Riding out the storm. Weathering the storm. Just trying to hang on till the storm passes.




These are ways people are describing the state of business in Ashland during the current economic downturn. The owners of most Ashland businesses that don't rely heavily on tourism were surprised by how the housing crash hurt their bottom dollars. But rising fuel costs, inflation and poor stock performance factor in, as well.




"A lot of my customers are in the real estate business," said Lue Ann David, owner of Flower Thyme. "They're not sending flowers at closings like they used to. The landscapers and construction workers aren't popping in for bouquets."




She said her florist shop, which has been in business for 26 years, is seeing a real slowdown from the casual flower buyers.




"I really do feel like the real estate slowdown is having a trickle-down effect," said David. "People don't realize how closely connected Ashland businesses are with the home buying, selling, building and remodeling businesses."




Michelle Alexander, a bartender at O'Ryan's Irish Pub, sees first hand how the real estate slowdown affects business.




"I get a lot of people who walk in here and put three dollars on the bar and say that's all they have to spend today," she said.




Alexander looked at all the empty stools at the bar and said, "This time last year, we were packed with construction workers. There's hardly anyone coming in right now."

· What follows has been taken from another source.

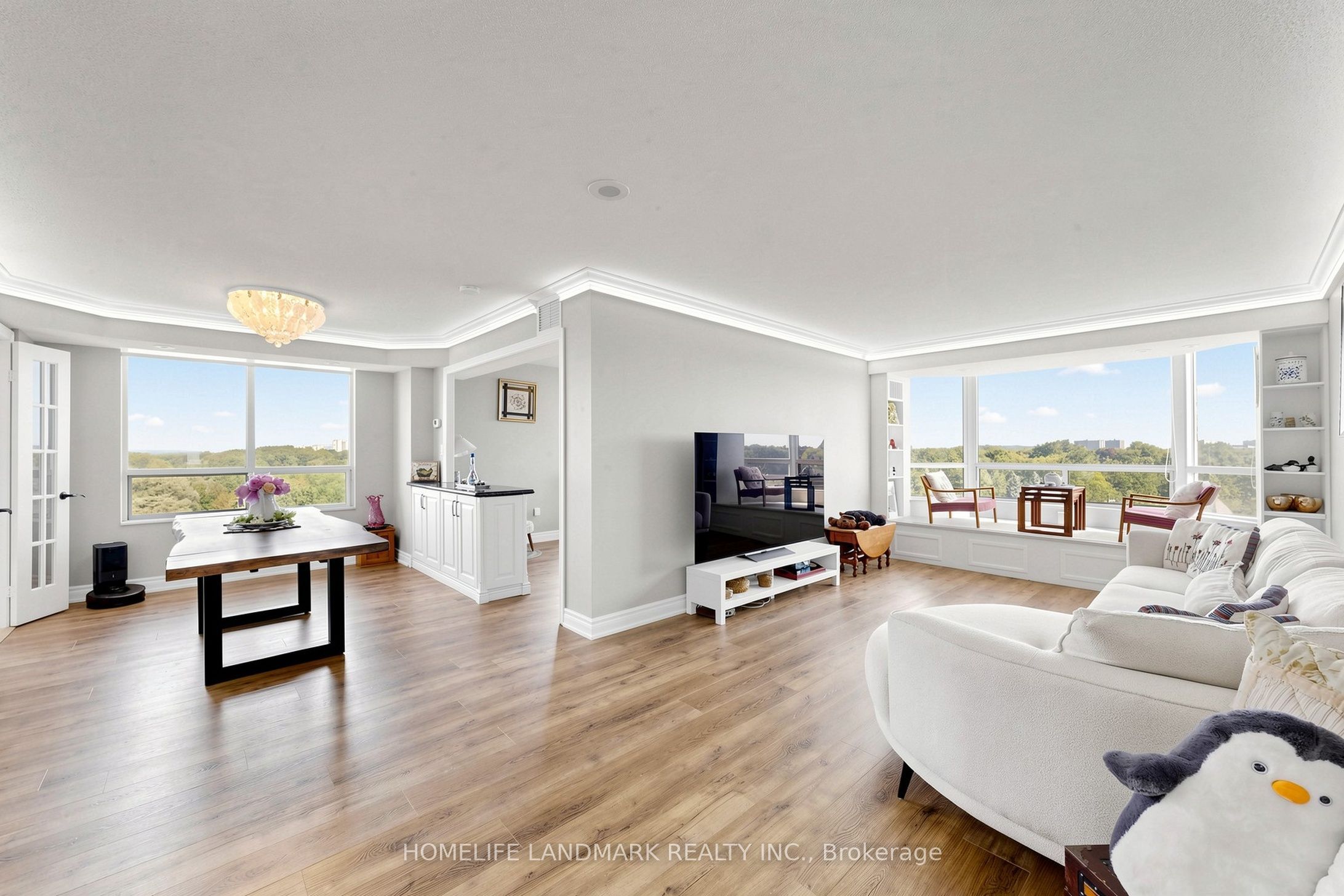 228 Bonis Avenue 911, Toronto, ON M1T 3W4 photo 5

Eric Green, a third-generation home builder, said this is the worst he's ever seen in Ashland.




"There's nothing, and I mean nothing, going on right now," he said.




Ken Silverman, who has owned or managed Nimbus for the past 30 years, agrees that he's never seen skyrocketing fuel costs, a tanking housing industry and sluggish stocks all occurring at the same time.




Nimbus, which offers a wide variety of items such as men's and women's clothing, shoes, artwork, tuxedo rentals and a separate business called hisfavoriteshirt.com has only seen a slight decline during the current economic challenge.




"Retail is not for the faint of heart," Silverman said. "It's a gamble even in the best of times."




He attributes the longevity of his business to the variety of the store's offerings.




"That's been our business model forever," Silverman said. "Some months one item will take off and another slows down. My business is always changing, it's never static."




Silverman said the only adjustment he can make during slowdowns is to adjust the number of staff, something he wants to hold off on for now, until he sees how long the storm is going to last.